A Phi Beta Kappa graduate of Brandeis University, Margaret Salinger was awarded the Saval-Sachar scholarship for historical research. Salinger also has a M.Phil from Oxford University and attended Harvard Divinity School.
Chat Moderator: Thank you for joining us this morning, Margaret Salinger, and welcome to CNN.com.
Margaret Salinger: Thank you for having me. I look forward to chatting online. This is a new experience for me.
Chat Moderator: Please tell us about your new book, "Dream Catcher."
Margaret Salinger: It's slightly different than the traditional memoir. I wrote my own story first. I'm a historian at heart, and to really understand somebody, I like to put them in context. I did a lot of historical research and a number of interviews with the women in our family, including my father's sister and my mother.
There's a good bit of history that was certainly new to me about growing up in New York in the 20s and 30s as a half-Jew. I discovered a lot of things that I didn't know about anti-Semitism in America that took a lot of my father's, what I'd considered to be idiosyncrasies, and really made sense of them, put them in a context.
For example, in his books, he rails against Ivy Leagues and, in person, he has been quoted as saying, "I break out in a rash anytime I'm too close to Ivy," referring to Ivy Leagues. I always assumed this was one of daddy's things, one of his hot buttons. All of our parents have hot buttons.

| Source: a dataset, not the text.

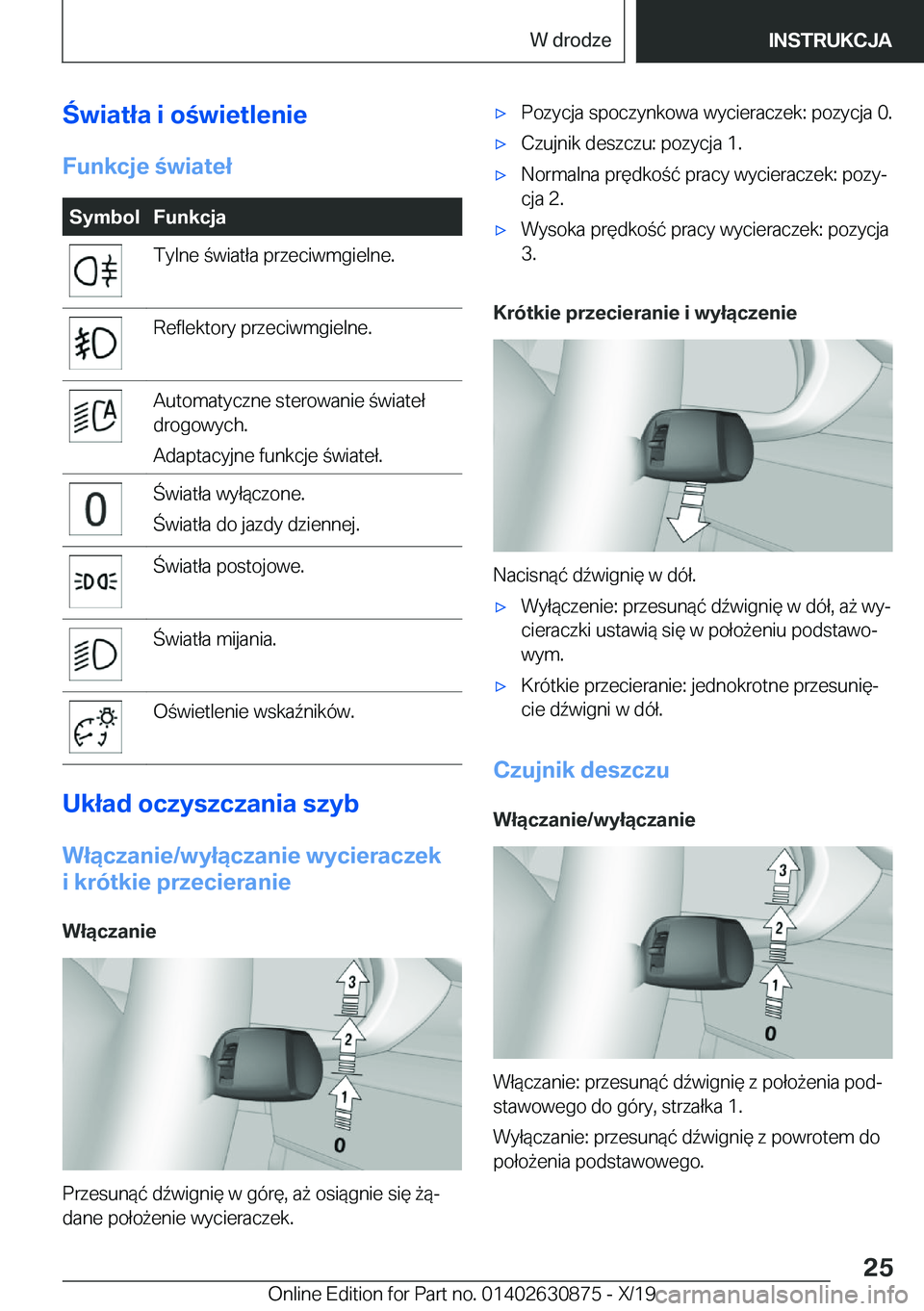 BMW 4 SERIES GRAN COUPE 2020  Instrukcja obsługi (in Polish) �w�i�a�t�ł�a��i��o�w�i�e�t�l�e�n�i�e
�F�u�n�k�c�j�e��w�i�a�t�e�ł�S�y�m�b�o�l�F�u�n�k�c�j�a�T�y�l�n�e��w�i�a�t�ł�a��p�r�z�e�c�i�w�m�g�i�e�l�n�e�.�R�e�f�l�e�k�t�o�r�y��p�r�z�e�c�i�w�m�g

But when I discovered the tremendous anti-Semitism that existed on the part of most respected and vocal persons in our society in the 20s and 30s, heads of universities -- about quota systems and the way they sound in a wonderful book called "Anti-Semitism in America" -- what was fascinating was what people said when they tried to say nice things about a Jew. This book had letters of recommendation for their Jewish students applying for jobs, who then became famous historians. They would say things like, "He's one of the few Jews that doesn't get on one's nerves." Or, "He's white in every way."
So, in many ways, the historical research I did took the man off the pedestal of this sort of myth that he sprang from nowhere, that he is a recluse not attached to any family or community or background, and put him squarely in the realm of human beings, which is not a bad place to be.

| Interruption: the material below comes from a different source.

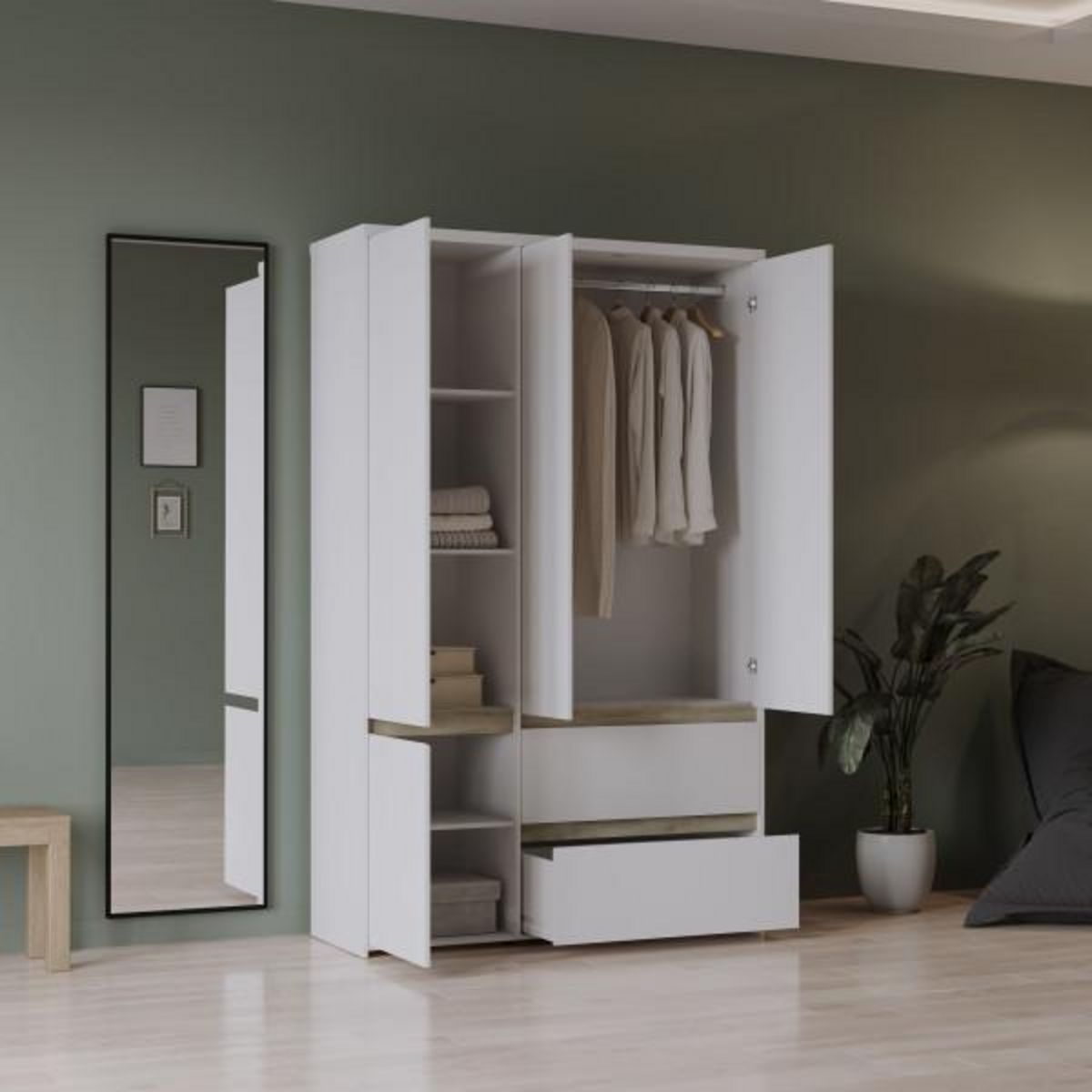 Demeyere Armoire de chambre - CLYDE - Chene Kronberg / Blanc - 4 portes - 138,2 x 50 x 220,5 cm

I think you dehumanize someone when they are on a pedestal, and they become a projection of one's wishes, rather than who they really are.
Question from Elliemk: Why did you choose to write the book and have it published before your father died, instead of waiting until he died so he wouldn't be so upset?
Margaret Salinger: I think that's a very good question, and it's one that I thought long and hard about. I came to the conclusion that it would be cowardly of me. It felt a bit like stabbing someone in the back to talk about someone after they're dead. It seems dirty pool to me. I'd rather have someone say something to my face than behind my back.
I think intelligent people, moral people, can disagree and would come up with a different conclusion and feel it was the right thing to do to wait until he died. It felt wrong to me. After long thought, it felt like the right thing to do, to do it now while, if he wishes to, I can still take the heat.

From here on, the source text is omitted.